Cheikh Efrita

Cheikh Efrita tient son inspiration de Cheikh El Afrit, pseudonyme d’Issirène Israël Rozio. Le nom d’artiste de ce chanteur tunisien évoque une sorte de « Monsieur démon» à la voix si belle qu’elle semble venir d’un autre monde. Benjamin Efrati s’initie dès 2008 aux musiques tunisiennes anciennes et populaires, et lorsqu’il découvre l’existence de Cheikh El Afrit en 2018, il commence à composer les premiers morceaux qui deviendront le projet Cheikh Efrita.

L’album éponyme  « Cheikh Efrita » est bâti sur la tension entre sonorités orientales et textures synthétiques, fusionnant musiques maghrébines et cultures électroniques, créant un style musical syncopé et psychédélique. Cheikh Efrita réinvente un répertoire musical tunisien centenaire qu’il projette dans le présent grâce à une palette stylistique allant du Breakbeat au Footwork, de l’IDM  à l’Hyperpop  en passant par le Post-Club. Il compose à partir de musiques d’archives tunisiennes des années 1920-1950, et rend hommage à 7 artistes, pour la plupart de célèbres chanteuses : Cheikh El Afrit, Habiba Msika, sa tante Leila Sfez, Saliha, Louisa Tounsia,  Fritna Darmon, et l’ensemble Bnat Chemama. Ainsi réinterprétés, ces morceaux proposent une surprenante diversité rythmique et harmonique. Ils font émerger des motifs et des tensions nouvelles, à partir de propriétés sonores inhérentes à la qualité même des archives, dans un esprit d’expérimentation musicale vibrante et sensible

Les morceaux de l’album « Cheikh Efrita » parlent d’amour, de nostalgie, de joie, de chagrins : par exemple, le titre revisité de Habiba Msika, Ala Srir Ennoum Dalaâni, s’inscrit dans  la révolution féministe déjà en marche dans la Tunisie des années 1920. Personnalité la plus complexe de l’album, c’est son portrait revu par Baladi qui figure en couverture de l’album. La chanson Ya Hasra, de Cheikh El Afrit, sous couvert d’une locution nostalgique, est une satire mordante de l’existence en couple, qui conclut méchamment:  « la vieillesse ne se soigne jamais ».

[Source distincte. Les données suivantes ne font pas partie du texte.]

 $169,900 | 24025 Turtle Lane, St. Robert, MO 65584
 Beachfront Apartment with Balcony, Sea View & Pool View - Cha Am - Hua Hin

En recomposant ces morceaux à l’aide d’outils résolument paléo-futuristes, et en déconstruisant les codes de l’électro par le recours à l’archive, l’album télescope une vision contemporaine de la fête avec l’ambiance déchaînée des concerts de la Tunisie des années folles telle que l’on peut se l’imaginer à partir de sources écrites.

Après une première tournée en 2023 (Belgique, France, Chine), la sortie de « Cheikh Efrita » sera l’occasion de nouveaux concerts en 2024, notamment en Tunisie, en France, en Suisse et en Turquie.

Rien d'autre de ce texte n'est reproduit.